Uncertainty continues to prevail over the outcome of election of chief executive councillor (CEC) of the Kargil council, which is likely to take place on Monday. The Congress has though publically said it will head the council, it's still skeptical about the role of four councillors nominated by
the National Conference.
The councillors of the 26-member Ladakh Autonomous Hill Development Council (LAHDC) Kargil will take oath of office on Sunday and election of the CEC is scheduled for Monday.
The Congress had said it had been decided in the co-ordination committee meeting of the coalition partners that its candidate will be elected CEC. The co-ordination committee meeting was held after NC president Farooq Abdullah had said his party will allow the Congress to head the council.
The Congress had won 10 seats while the NC along with its allies had secured 11 seats, though individually the tally on NC had dipped as compared to the last time. Five Independent councillors were also elected and the Congress claims that it has the support of these Independents.
The NC, in a political coup, nominated four councillors from the party, enabling both the parties to have equal number of councillors.
The uncertainty stems from the fact that till now the Independent councillors haven't been given any direction on the pattern of voting.
"Even the NC councillors don't know till now whether these Independent councillors will vote for us or not. The party has not issued any direction," said a senior NC leader.

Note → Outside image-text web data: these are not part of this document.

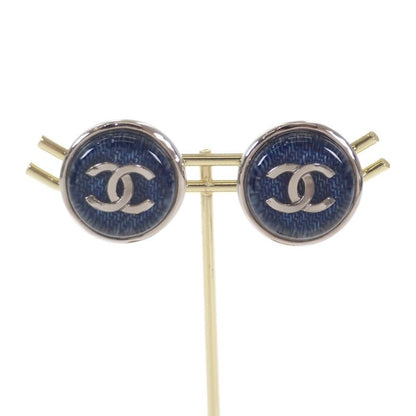 Chanel Denim Coco Mark Circle D24B Engraved Abe356b18079ntz10 Earrings Metal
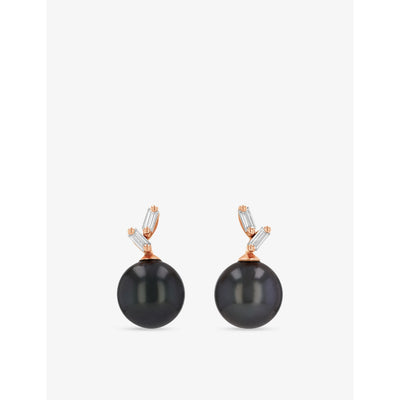 selfridges Suzanne Kalan 18ct Rose-Gold and 0.45ct Diamond Pearl Drop Earrings- Buy online at McGrocer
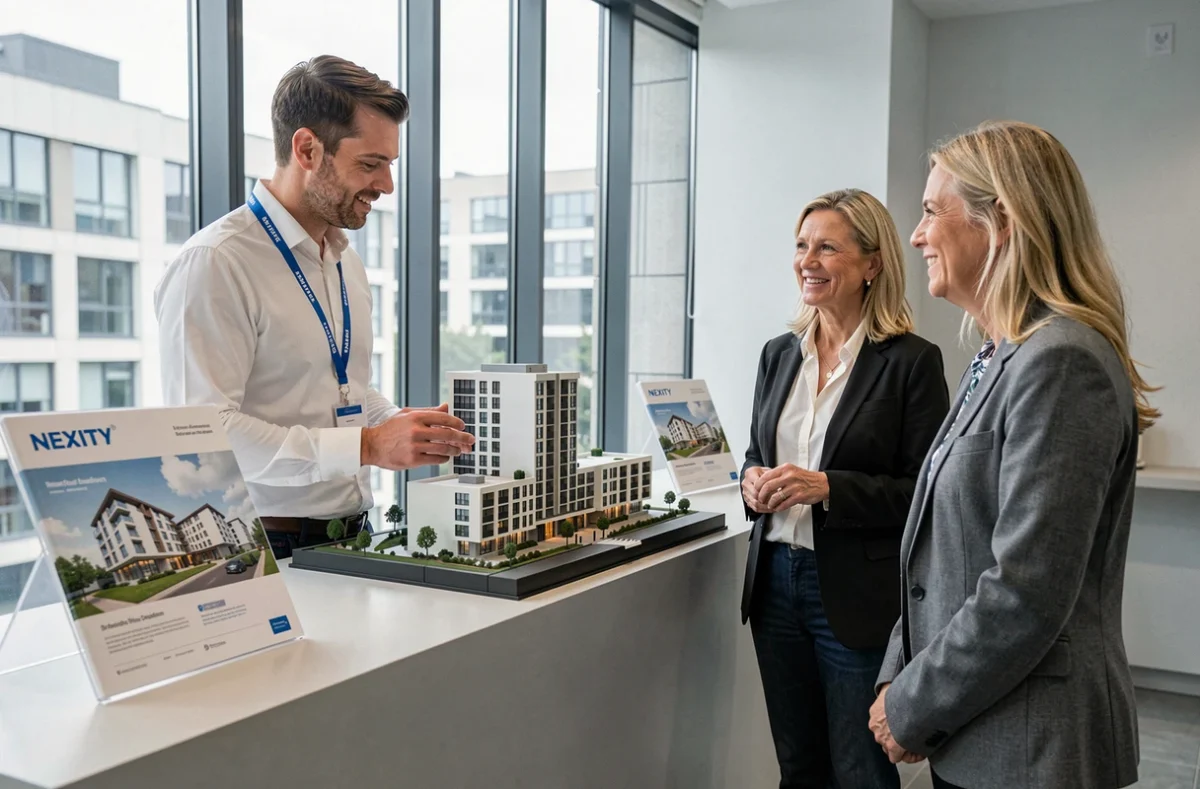 Conseiller Nexity présentant une maquette de programme immobilier neuf à des clients dans un espace de vente moderne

The Congress has termed the nomination of councillors as illegal and had consistently said they don't have voting rights. But, NC insists they do have voting rights.
"All councillors, including those nominated, will take oath on same day. The nominated councillors do have voting rights but whether they will vote or not is a moot question and party has still not given clear direction," said an NC leader.
Congress candidate for CEC's post Asgar Ali Karbalie said it has been categorically decided that the party will head the council.
The NC had earlier asked the Congress to rule the council in coalition but it was rejected by the Congress.
The Congress already heads the Leh council and as it is likely to rule Kargil council also, it can cost the NC dear in the forthcoming elections, especially the assembly polls due next near. The council plays a major role in development in these two districts as the CEC decides and approves all development plans.